Il Foglio sportivo - Il ritratto di Bonanza
La speranza di José Mourinho
L’allenatore giallorosso è diventato grande e quasi nostalgico, con la tenerezza a cui tendono i signori con i capelli bianchi. Ma è sempre pronto ad attaccare il sistema e a dare battaglia: in fondo è lui l’ultimo imperatore di Roma
Non si può vivere senza speranza, diceva il grande poeta. E José non vive più di un’ora senza lei. José si chiama Mourinho ma si potrebbe scrivere in mille altri modi, quante sono le sue facce, le sue espressioni, le parole che sceglie per provocare dei meravigliosi depistaggi ogni volta che una sua squadra perde. Mourinho è diventato grande, ultimamente addirittura un po’ nostalgico, di quella brama di tenerezza a cui tendono i signori con i capelli bianchi. Niente di preoccupante, state sereni o voi che amate la battaglia, José, sotto le vesti di un uomo mite, nasconde la scimitarra dell’offesa, che sguaina ogni volta che finiscono certi argomenti e non si sa più che dire.

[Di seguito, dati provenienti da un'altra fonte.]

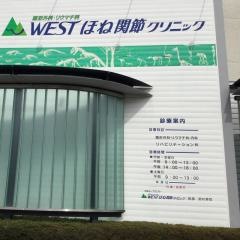 ＷＥＳＴほね関節クリニック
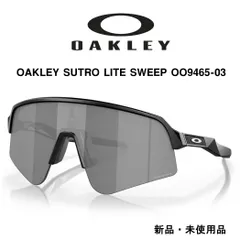 2024年最新】oakley スートロ の人気アイテム - メルカリ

E allora si parla dell’uomo che fu nero, l’arbitro, da sempre una forma di ossessione per il portoghese. Non c’è contraddizione tra le due parti di Mourinho, quella tenera dell’allenatore-padre che protegge la sua famiglia con le carezze, e quella dura che attacca il sistema, o qualche figlio snaturato, come fu il povero Karsdorp, trattato alla stregua di un traditore della squadra. José, come il quasi omonimo, divide le acque, spacca il mondo in due emisferi, uno con lui e l’altro chissenefrega, perché non c’è interesse a stare dalla parte opposta alla sua. E può accadere che il nostro, inquieto e provocatorio, si sposti da un lato all’altro, attraversando il mare, a seconda di dove sia un attracco, una speranza appunto. E come dare torto alle sirene, noi giornalisti, perfino vittime del nostro stesso potere, la persuasione, convinti da lui, il re degli attori, quando sia il caso di alzare un sipario e dare il via al prossimo spettacolo. Non siamo abituati a tanto, la scena solitamente è così misera, piena di facce sempre uguali e di parole consunte, ultimamente sopraffatte da espressioni di una tristezza cosmica come “braccetti”, “tanta roba”, “i quinti”, “le letture preventive”. Poi arriva sulla scena il vate e sul pubblico cala il silenzio, rapiti dalla maestria espressiva di un uomo che conosce anche la musica, da come usa le pause, elementi dello spartito.
Ci sarebbero questioni di campo da affrontare visto che parliamo di un allenatore, grida qualche infiltrato dal loggione. Estremamente legittima come obiezione, solo che non trova spazio in queste righe, nelle quali si parla di un uomo, fin da subito oggetto di uno studio fenomenologico. Ci mancherà l’ultimo imperatore di Roma, quando se andrà, se mai sarà. Non è questione di sport ma di spettacolo, che poi a pensarci sono la stessa cosa. Perché tutto è un insieme e ogni cosa è in relazione. Ci sono l’uomo, le sue speranze, le innegabili vittorie, le nostre emozioni, la fine del tutto.